Introduction to OpenAI Evals
OpenAI Evals provides an essential framework for assessing large language models (LLMs) or systems developed using these models. It offers a comprehensive registry of evaluation tools, enabling users to test various aspects of OpenAI models. Moreover, users have the flexibility to create custom evaluations tailored to their specific use cases, including private evaluations using personal data, ensuring data security and privacy.
Creating high-quality evaluations is one of the most impactful steps for those developing with LLMs. Evaluations help users understand how different versions of models might influence their projects, saving time and effort in the long run. As stated by Greg Brockman, President of OpenAI, evaluations are crucial for any project involving LLMs.
Setup and Requirements
To run OpenAI Evals, users need an OpenAI API key, which can be set up by following instructions available on the OpenAI platform. Awareness of the associated costs when using the API is crucial. Additionally, evaluations can also be run and created using Weights & Biases for those inclined.

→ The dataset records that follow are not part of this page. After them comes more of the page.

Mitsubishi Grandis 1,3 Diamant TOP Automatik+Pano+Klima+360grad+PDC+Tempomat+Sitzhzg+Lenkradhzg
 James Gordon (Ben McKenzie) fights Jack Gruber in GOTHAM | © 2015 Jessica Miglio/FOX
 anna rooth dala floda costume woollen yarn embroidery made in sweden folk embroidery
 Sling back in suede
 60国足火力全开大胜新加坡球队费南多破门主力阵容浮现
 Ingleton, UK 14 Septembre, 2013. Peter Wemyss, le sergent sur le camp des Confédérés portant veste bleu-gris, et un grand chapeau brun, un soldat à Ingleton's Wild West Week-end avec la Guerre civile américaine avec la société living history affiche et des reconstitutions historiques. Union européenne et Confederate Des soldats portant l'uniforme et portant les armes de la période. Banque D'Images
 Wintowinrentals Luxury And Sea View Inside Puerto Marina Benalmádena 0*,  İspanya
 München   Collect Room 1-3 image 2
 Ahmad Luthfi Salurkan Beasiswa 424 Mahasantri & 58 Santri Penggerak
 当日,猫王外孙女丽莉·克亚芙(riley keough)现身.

The minimum requirement for running the framework is Python 3.9. The evals registry, stored using Git-LFS, can be fetched and downloaded locally to access the evaluation data pertinent to users' needs.
Creating and Running Evals
Users interested in creating evaluations should clone the repository directly from GitHub. By installing the necessary requirements through the command line, any changes made to evaluations can be reflected immediately without needing reinstallation. Additional tools such as formatters can be installed for pre-committing hooks to automate tasks on every commit.
For those who simply wish to run existing evaluations without contributing new ones, the evals package can be easily installed via pip. Detailed instructions are available in the documentation, providing templates and protocols for advanced usage scenarios like prompt chains or tool-using agents. For optional logging, eval results can be sent to a Snowflake database, should the user choose to set one up.
Writing Custom Evals
Beginners are encouraged to walk through available documentation which details the process of building an evaluation. Examples of custom evaluation logic and completion functions are available to help users start their projects. However, it should be noted that evaluations containing custom code are not currently accepted for public contribution. Instead, model-graded evals can be submitted using custom YAML files.
If users believe they have developed an interesting evaluation, they can submit a pull request. OpenAI actively reviews submitted evaluations for potential integration into future model improvements.
Frequently Asked Questions (FAQ)
The extensive FAQ section provides users with examples of evaluations from start to finish and showcases evaluations implemented using diverse methodologies. It also addresses common concerns, such as what to do if an evaluation process hangs at the end.
For those who are proficient in prompt engineering and may not wish to code, the framework offers existing templates to help create evaluations without writing any code. Users can simply provide their data in JSON format and define evaluation parameters in a YAML file. The documentation and supplementary Jupyter notebooks serve as valuable resources to guide users through the process.
Disclaimer
Contributions to the OpenAI Evals project are subject to the MIT license, and contributors are required to ensure adequate rights to any data they upload. OpenAI reserves the right to use this data for future improvements of its services. All contributions must adhere to OpenAI's Usage Policies.